Men, women, and children among the estimated 1.5 million registered Syrian refugees in Lebanon are at risk of sex trafficking and forced labor. Restrictions on Syrians' ability to work legally in Lebanon, as well as strict enforcement of visas and residence permits, increase this population's vulnerability to trafficking. Child labor among the Syrian refugee population continues to increase, particularly in agriculture, construction, and street vending and begging; these children are highly vulnerable to forced labor, especially in the agricultural sector of Bekaa and Akkar and on the streets of main urban areas such as Beirut and Tripoli. NGOs report that some children are forced or coerced to conduct criminal activity. An international organization reported in 2015 evidence of bonded labor within refugee communities where child labor is used in exchange for living in informal tented settlements. Syrian gangs force Syrian refugee men, women, and children to work in the agricultural sector in the Bekaa Valley. Syrian women and girls are highly vulnerable to sex trafficking. The Lebanese government and media reported in late March 2016 an extensive sex trafficking ring exploiting primarily Syrian women and girls in Beirut; the majority of the women and girls were recruited from Syria with false promises of work and subjected to commercial sexual exploitation where they experienced mental, physical, and sexual abuse and forced abortions.
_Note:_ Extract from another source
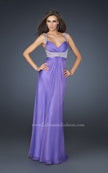 Picture of: Glam Chiffon Prom Gown with Embellished Waistband in Purple, Style: 17543, Main Picture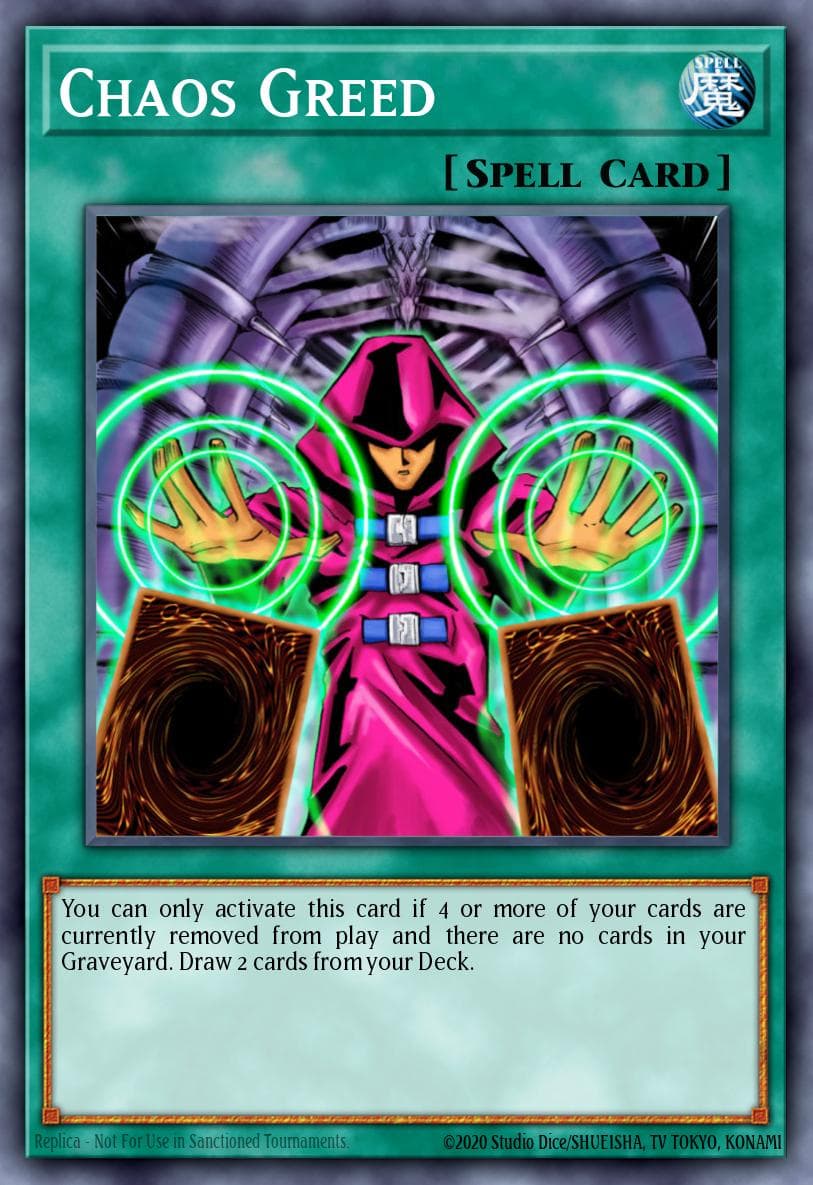 Chaos Greed #DR2-EN038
Syrian girls are brought to Lebanon for sex trafficking, sometimes through the guise of early marriage. Lebanese pimps coerce some Syrian LGBTI refugees into prostitution. An international organization reported in 2016 that some Lebanese children are involved in armed tribal violence in Bekaa and Tripoli, some of whom may be forced to conduct such activity. There is also evidence of children within the Syrian refugee community in Lebanon that are associated with armed groups, who have either fought in the Syrian conflict or intend to fight in Syria as child soldiers.